*Exercise goal*. Reproduce the data below exactly. Skip the pictures.
*** Supplied records
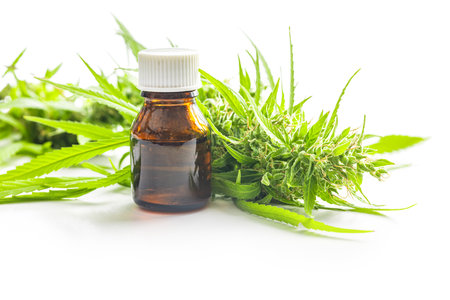 Marijuana buds. Cannabis plant and oil in glass bottle isolated on the white background.の写真素材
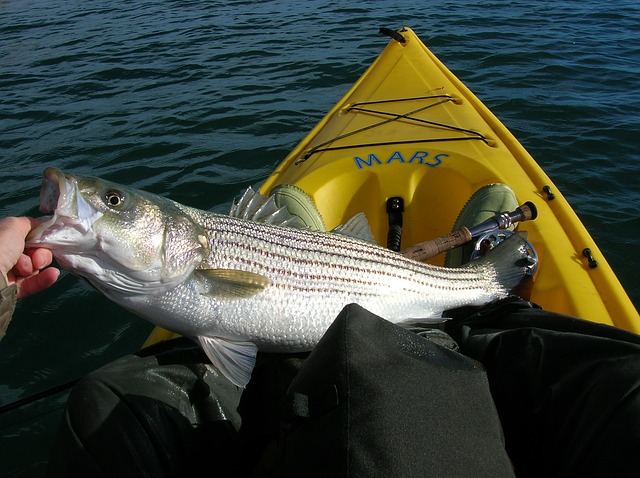Striped Bass Fishing: The Ultimate FAQ Guide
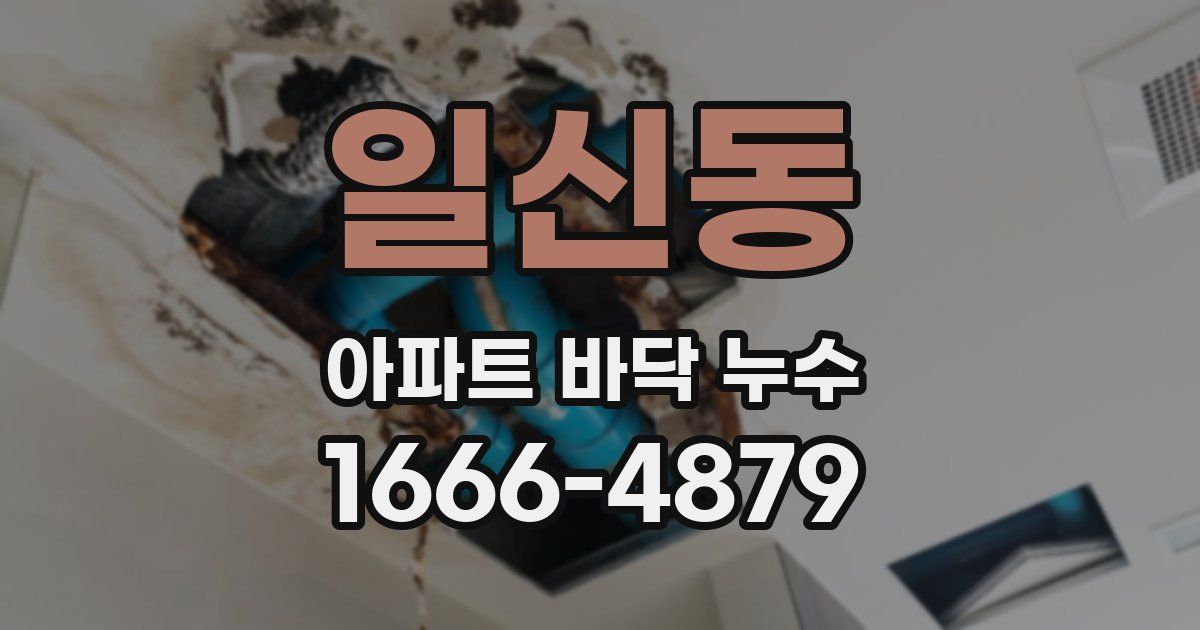 일신동 아파트 바닥 누수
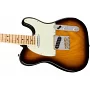 Електрогітара FENDER AMERICAN PROFESSIONAL TELECASTER (ASH) MN 2TS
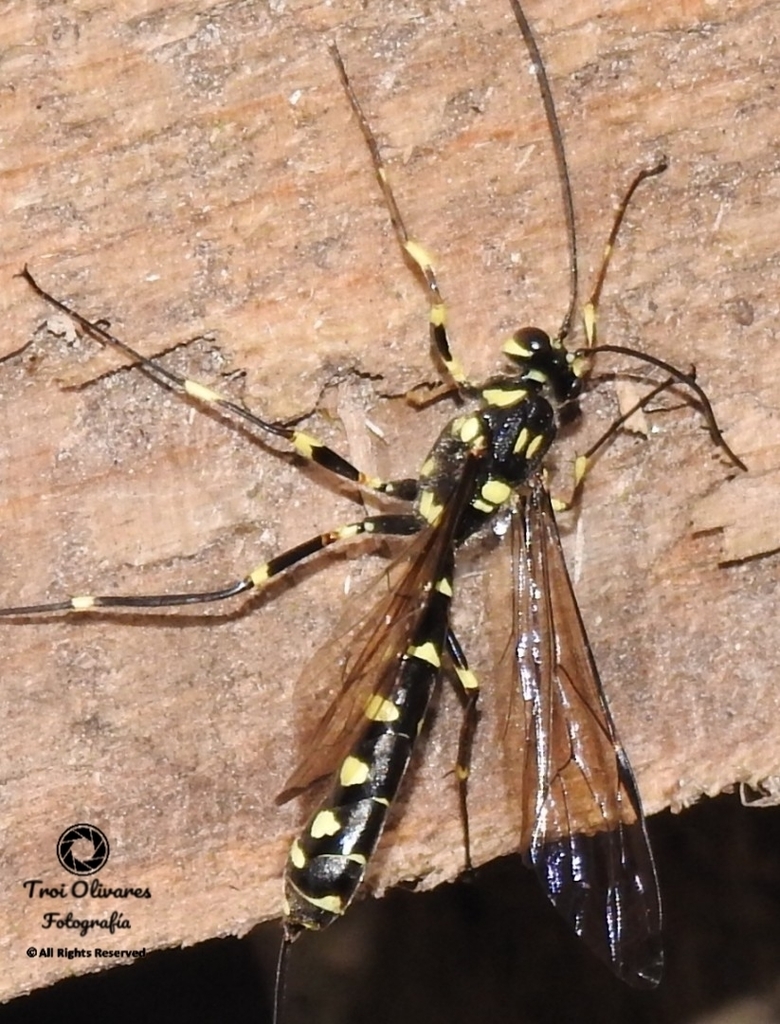 Megarhyssa verae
******
*Answer for the task*.
 Marijuana buds. Cannabis plant and oil in glass bottle isolated on the white background.の写真素材
Striped Bass Fishing: The Ultimate FAQ Guide
 일신동 아파트 바닥 누수
 Електрогітара FENDER AMERICAN PROFESSIONAL TELECASTER (ASH) MN 2TS
 Megarhyssa verae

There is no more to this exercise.